Linux supports
OS-level virtualization where the Linux Kernel can run multiple independent user spaces, isolating them from each other through separate virtual memory space and system call state.
So does Windows.
It can run a hypervisor host as a way to further manage isolation though.
Not quite. Linux Kernel has a stable user space API which lets you run Docker containers on any Linux distribution and kernel version. Whereas on Windows Server, you need to use
the exact same build of Windows in your container image, otherwise containers will run in a virtual machine with hypervisor-based isolation.
I think it was a simple fix for Microsoft to introduce a hypervisor 'ring -1' in order to split the kernel 'ring 0' address space into 'secured' OS kernel VM and insecure kernel-mode driver VM, so they didn't have to retouch the kernel and make use of features like intermediate
protection rings 1 and 2, available since Intel 80386. Instead they shifted the burden to OEMs who need to test their drivers for compatibility with HVCI code integrity.
Containers have no relation to hypervisor virtualisation or malware protection.]
depends on the container technology
No. Containers were originally designed to bundle server applications with required versions of user-mode libraries and configuration files, but share the main OS kernel and thus use much fewer processor resources than virtual machine instances running full OS images.
https://www.ibm.com/cloud/learn/containers
https://cloud.google.com/containers/
https://www.redhat.com/en/blog/arch...erstanding-user-space-vs-kernel-space-matters
https://www.redhat.com/en/blog/architecting-containers-part-2-why-user-space-matters
https://www.redhat.com/en/blog/arch...art-3-how-user-space-affects-your-application
etc.
So what would be the use of 'app containers' for desktop applications?
If the OS wraps all Windows apps in an 'app container' that includes user-mode OS subsystems (from the same build which allows 'process isolation') to additionally 'sandbox' them, then how that would be different from the way regular Windows OS works with multiple processes? User-mode OS components inside a container would have no additional protection, because they still run in that process' virtual address space, in the same protection ring 3, and all 'sandboxing' depends on security mitigations implemented in regular OS components.
That would make more sense if the OS could include only the required user-mode components in each app 'container', however automatically determining which API and library would be required by that specific process is not trivial, and even UWP apps do not include such detailed declarations.

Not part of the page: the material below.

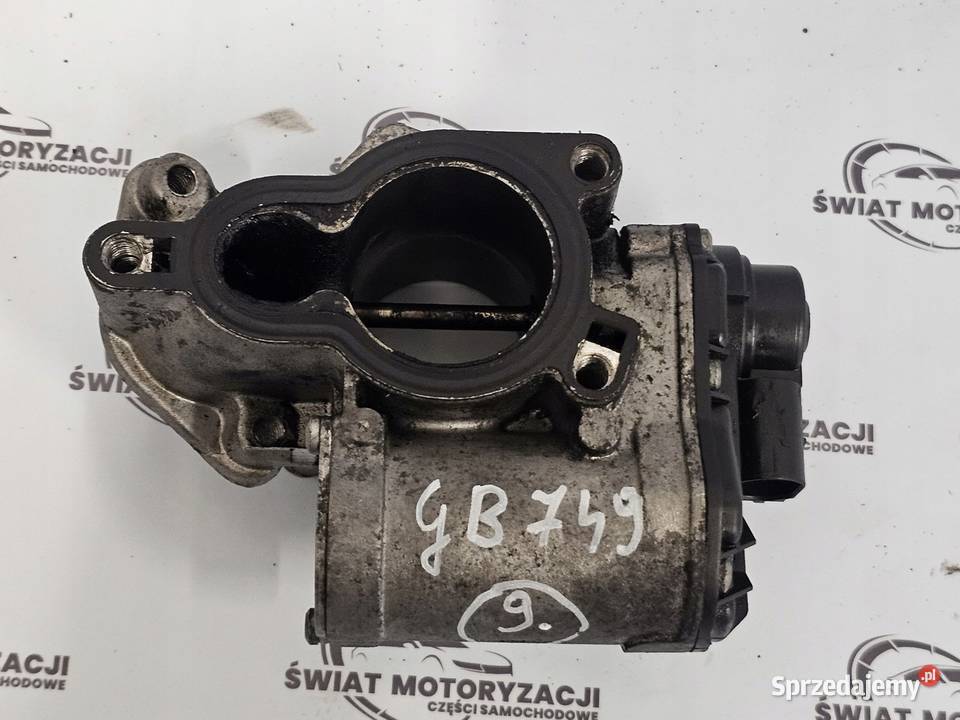 RENAULT TRAFIC OPEL VIVARO 20 DCI zawór EGR Kielce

There's little point in 'Hyper-V isolation', i.e. running app containers in a separate VM, since hypervisor virtualisation has a significant overhead (which is mitigated by the ability to easily launch multiple instances of the container across your server infrastructure), and user-mode apps have no access to kernel mode features like I/O operations in the first place.
https://shatteredsilicon.net/blog/2020/03/19/virtual-performance-or-lack-thereof/
https://petersenna.com/files/peters-top4-virtualization-benchmark-1.29.pdf
https://unrealcontainers.com/docs/concepts/windows-containers#hyper-v-isolation-mode-issues
Linux has more CVE's than Windows does, and they too are still finding new bugs in their code each day.
At least they are not pretending it wasn't their fault so they can put the burden on OEMs and end users. Microsoft is instead forcing
server/enterprise specs for remotely-managed 'secured-core PC' on everyone as their solution.